When it comes to robots, we usually see some aluminum extrusion, laser-cut parts, maybe some 3D printed parts, and possibly a few Erector sets confabulated into a robot arm. This entry for the Hackaday Prize is anything but. It’s a robot chassis, a 3D printer, and the structural frame for any sort of moving project that’s made out of a special composite material.
[Marc]’s project for the Hackaday Prize is all about articulated mechanisms. Instead of the usual structural components, he’s using Hylite, a special material that’s basically a polypropylene core clad in a sheet of aluminum on both sides. By carefully milling away the aluminum on both sides, [Marc] is creating a living hinge that can be used to build a 3D printer, robot, or really anything else.
This really isn’t a finished project; it’s more of a technology demonstrator. That said, [Marc] has a lot of examples where he can bend these Hylite aluminum plates over on themselves, can create boxes and space frames, and has the ability to create just about any shape he wants. It’s really a highly precise means of bending aluminum with a mill, and has the added benefit of looking really, really good.

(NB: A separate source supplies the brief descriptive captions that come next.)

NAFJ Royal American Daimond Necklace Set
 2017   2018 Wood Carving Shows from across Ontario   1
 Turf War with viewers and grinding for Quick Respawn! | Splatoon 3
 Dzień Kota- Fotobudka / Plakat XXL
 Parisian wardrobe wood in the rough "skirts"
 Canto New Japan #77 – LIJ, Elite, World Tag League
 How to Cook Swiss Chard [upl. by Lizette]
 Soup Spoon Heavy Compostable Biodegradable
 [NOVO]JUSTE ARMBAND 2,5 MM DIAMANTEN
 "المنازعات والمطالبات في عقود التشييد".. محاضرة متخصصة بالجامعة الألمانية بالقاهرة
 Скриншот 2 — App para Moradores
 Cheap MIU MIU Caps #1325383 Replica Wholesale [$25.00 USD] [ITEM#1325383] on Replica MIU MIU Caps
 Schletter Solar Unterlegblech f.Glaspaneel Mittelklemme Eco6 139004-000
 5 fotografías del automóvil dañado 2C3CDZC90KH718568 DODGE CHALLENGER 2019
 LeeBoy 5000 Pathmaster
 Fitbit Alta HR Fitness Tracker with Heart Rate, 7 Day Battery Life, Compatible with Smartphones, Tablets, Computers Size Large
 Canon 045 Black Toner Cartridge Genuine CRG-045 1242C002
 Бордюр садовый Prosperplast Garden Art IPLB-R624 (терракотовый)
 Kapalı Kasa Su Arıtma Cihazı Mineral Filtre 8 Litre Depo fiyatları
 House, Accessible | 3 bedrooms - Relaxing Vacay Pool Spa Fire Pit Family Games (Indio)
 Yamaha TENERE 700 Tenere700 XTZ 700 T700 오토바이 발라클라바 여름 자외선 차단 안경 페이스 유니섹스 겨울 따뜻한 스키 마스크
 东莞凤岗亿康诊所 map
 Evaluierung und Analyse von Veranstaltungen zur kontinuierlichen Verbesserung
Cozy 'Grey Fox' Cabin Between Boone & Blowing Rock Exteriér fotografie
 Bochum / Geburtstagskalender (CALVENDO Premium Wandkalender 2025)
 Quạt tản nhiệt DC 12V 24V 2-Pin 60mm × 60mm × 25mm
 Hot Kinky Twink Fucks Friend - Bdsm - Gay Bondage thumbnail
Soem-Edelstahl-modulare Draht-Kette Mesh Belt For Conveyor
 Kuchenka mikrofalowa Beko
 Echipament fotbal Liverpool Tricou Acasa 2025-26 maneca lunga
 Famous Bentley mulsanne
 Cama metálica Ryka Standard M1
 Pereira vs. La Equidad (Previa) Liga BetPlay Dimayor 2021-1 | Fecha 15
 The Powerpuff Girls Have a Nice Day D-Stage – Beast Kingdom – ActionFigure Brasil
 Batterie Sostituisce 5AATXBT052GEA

Already, [Marc] has a few interesting robots that are built around this construction technology. The first is a remote control focus for a telescope that simply connects an eyepiece to the scope. Actuation is provided pneumatically, and all reports say this example works well. The other example is a flat-pack phone stand. It’s a bit simpler than a focus mechanism, but it is a small and inexpensive way to show off the technology. Great work, and an excellent project in The Hackaday Prize.